Both Miles and Morley seemed to see the mountaineer’s ignorance as a reflection of his innocence. He may have fought in the war—as either Confederate or Unionist—but he did so with either little sense of purpose or against his will, and thus he could be absolved of any allegiance that might offend current readers from either section of the country. Both women were quick to extrapolate from an individual to the populace as a whole; in so doing, they not only embraced the values of the current generation, but following Frost’s lead, evoked the patriotic virtues of earlier generations as well.

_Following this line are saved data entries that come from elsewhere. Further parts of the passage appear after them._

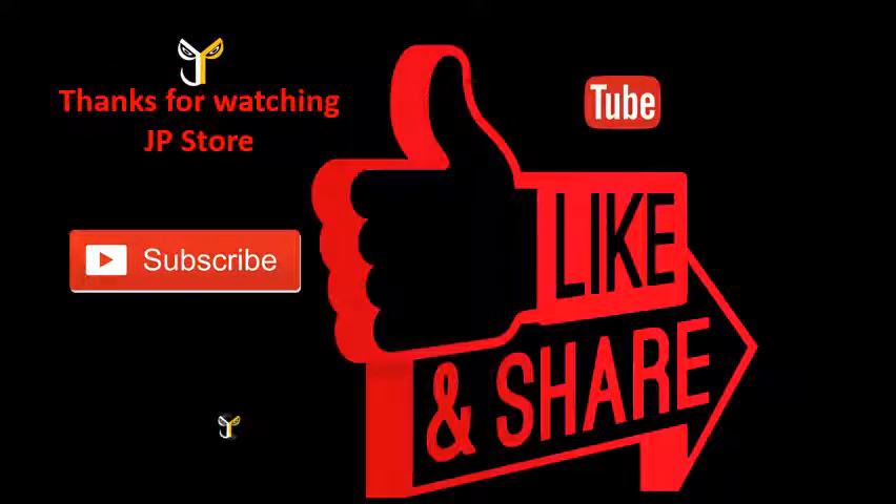Thanks for watching JP store. Please do subscribe, like, share.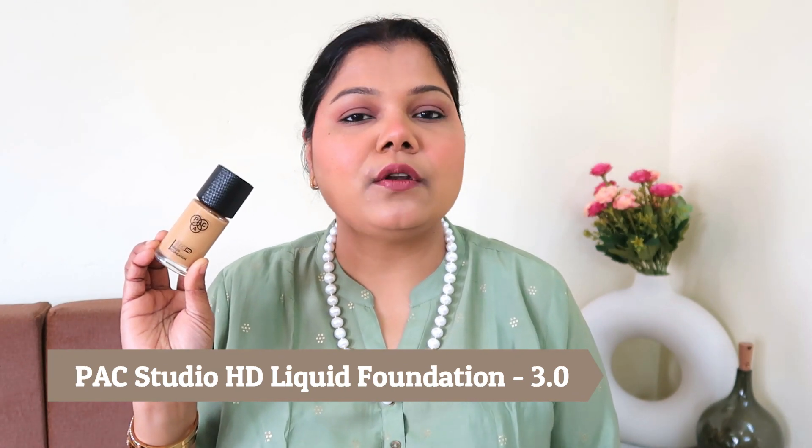Welcome back to my channel! Today's video is all about something new by PAC Cosmetics — but personally, when I see this product, it is more of a relaunch of an existing product into a new packaging, new set of shades, new pricing, as well as a new formula. I grabbed the new PAC Cosmetics Studio HD Liquid Foundation, and without making this intro any longer, let's dive right in.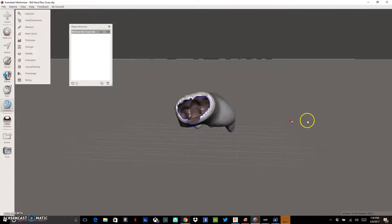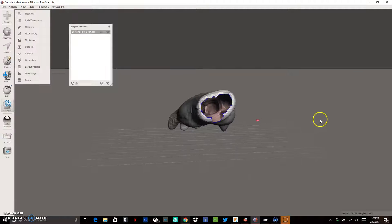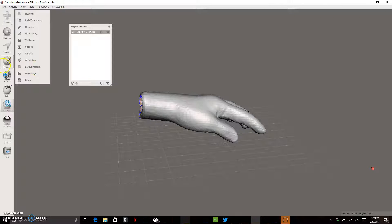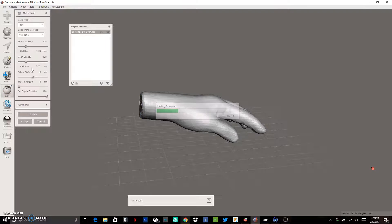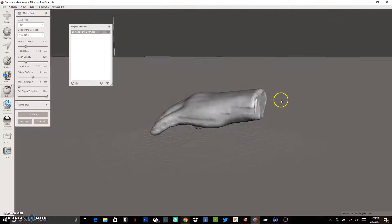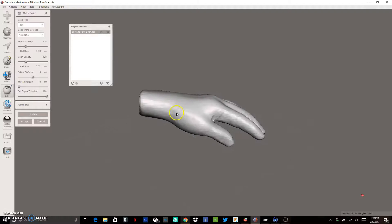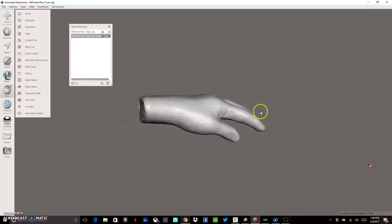You'll notice the scan is kind of hollow on the inside. The first thing we want to do is close that up and make it solid. Go to Edit and then Make Solid. It's going to give you a fast version and solidify all of this. That looks fine, so we can accept that and now we have a solid model.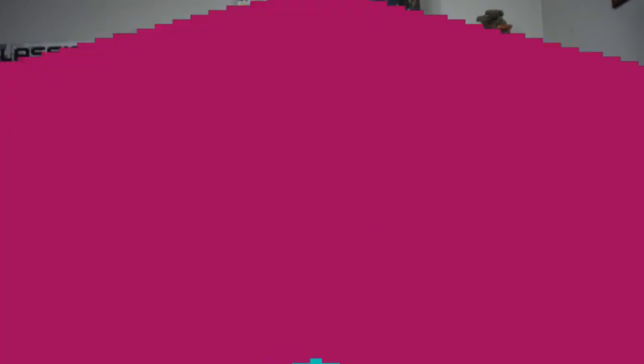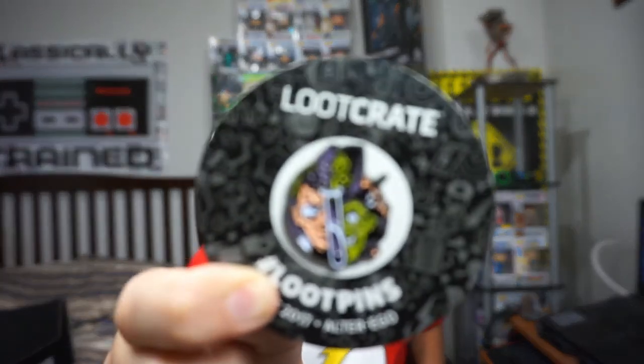Let's see what our next item is. We got ourselves a button pin — I think it's supposed to be Dr. Jekyll and Mr. Hyde. I've never seen the movie or anything. Let's open this thing — I'm going to say this is highly detailed. There's the chemical reaction, and there's the test tube, so he's got two personalities — he drinks and he turns into Mr. Hyde. It's very confusing for me, so I'll give this button pin 4.5 stars because it's highly detailed.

Both women seemed to view their subjects as an endangered species in the wake of what Miles called “the oncoming tide of civilization, that drowns as many as it uplifts.” For her, that meant an influx of summer people and the trappings of wealth that could prove so corruptible to the character and the simple lifestyle of the backwoodsmen she championed.35 Morley, first and foremost a tourist at heart, acknowledged that the idea of progress may have scared the Carolina highlanders in its path, but she was optimistic as to its effects. “Let the new order be better than the old,” she proclaimed, and prophesied, rather naively, that “the mountains [will] continue to develop in the direction of sanitation, safety, and ever-increasing beauty.”36 Yet neither scenario for the region’s future relied much on its past, particularly that of the Civil War, which seemed to have been ultimately irrelevant to the circumstances in which the mountain people now found themselves.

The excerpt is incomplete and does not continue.